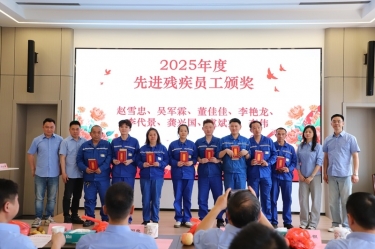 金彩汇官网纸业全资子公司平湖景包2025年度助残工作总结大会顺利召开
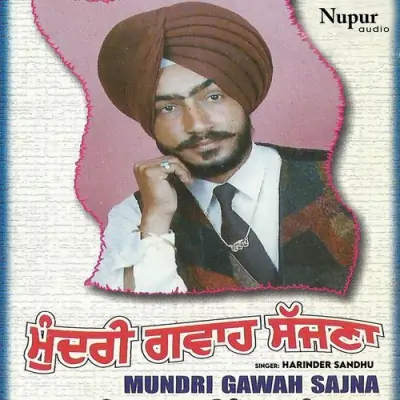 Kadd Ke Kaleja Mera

------

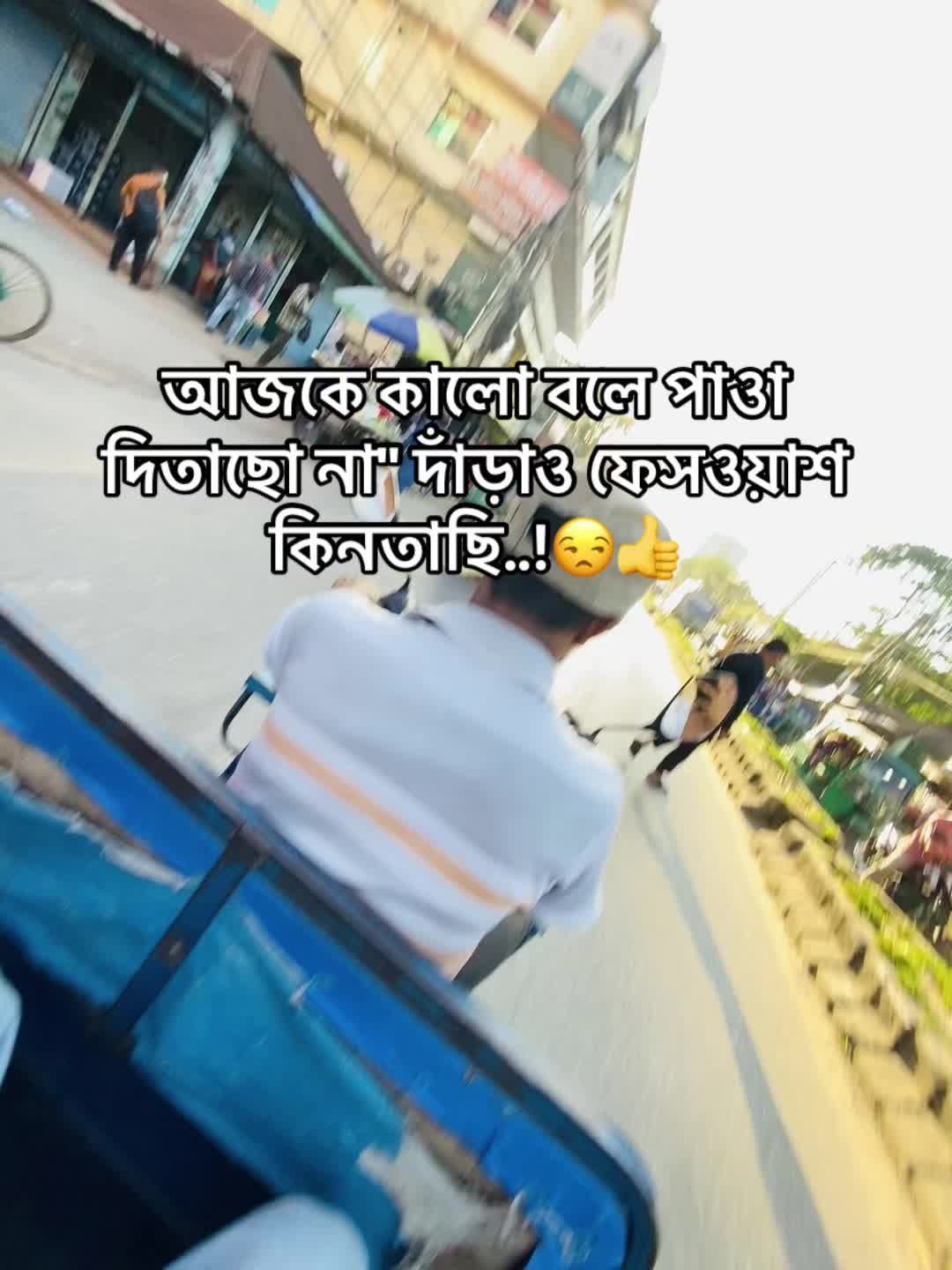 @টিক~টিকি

------

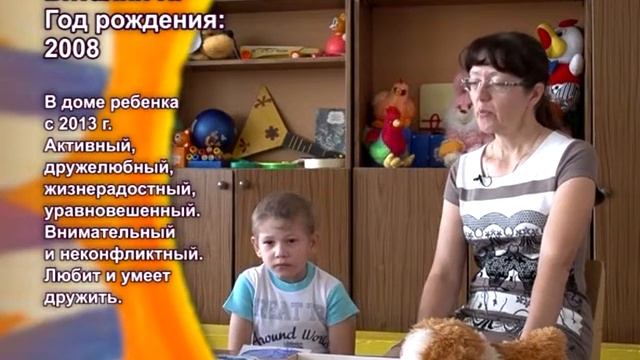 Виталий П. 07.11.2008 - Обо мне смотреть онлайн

------

• _Assignment_:
The lines above starting at the one that holds "金彩汇官网纸业全资子公司平湖景包2025年度助残工作总结大会顺利召开" and ending at the one that holds "Kadd Ke Kaleja Mera" are to be written out exactly, ends included, and no pictures are to be copied.

• _Solution for this problem_:
 金彩汇官网纸业全资子公司平湖景包2025年度助残工作总结大会顺利召开
 Kadd Ke Kaleja Mera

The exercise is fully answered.